The Washington Post Editorial Board issued a sharp rebuke of Chicago Mayor Brandon Johnson’s latest budget proposal, raising concerns about the city’s long-term financial stability and criticizing what it described as a continued reliance on short-term fixes rather than structural reform, as reported [1] by the Gateway Pundit.
In an editorial published this week, the board focused on Chicago’s deep pension liabilities and warned that Johnson’s plan to close a $1.15 billion budget shortfall through higher taxes, borrowing, and other measures risks worsening the city’s fiscal problems rather than solving them.
“Chicago has long-term structural problems with its finances, thanks in large part to wildly underfunded pensions,” the editorial board wrote.
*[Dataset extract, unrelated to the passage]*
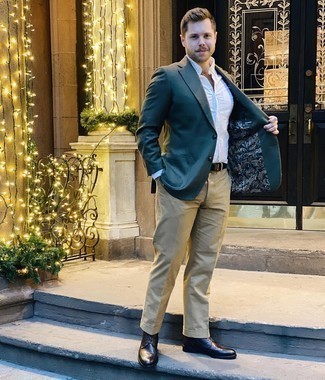 Un blazer à porter avec un pantalon chino marron clair au printemps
The board pointed to the city’s history of temporary solutions, including “a notorious 2008 deal that sold off 75 years of future parking meter revenue for $1.15 billion, which was quickly spent.”

“That deal is still hurting finances today, which should have taught local politicians that there is no substitute for serious fiscal reform,” the board continued. “Alas, apparently not.”
The editorial cited data showing significant growth in city spending over recent years, much of it tied to federal pandemic aid that has since expired.
The city’s net operating budget increased nearly 40 percent between 2019 and 2025, according to Grant McClintock of the Civic Federation.
“The pandemic is over, but many of the programs and personnel positions established during that time remain, and without the benefit of the federal funding that previously supported them,” McClintock said, as quoted by the Post.
Mayor Johnson, a Democrat elected in 2023, has proposed a series of tax increases to address the budget gap.

Among them is a plan to raise the tax on leased “personal property,” including computers, vehicles, and software, from 11 percent to 14 percent.
Johnson also wants to revive Chicago’s so-called “head tax,” which would require large employers to pay $33 per worker, per month.
The Washington Post editorial board warned that such measures could damage the city’s economic prospects.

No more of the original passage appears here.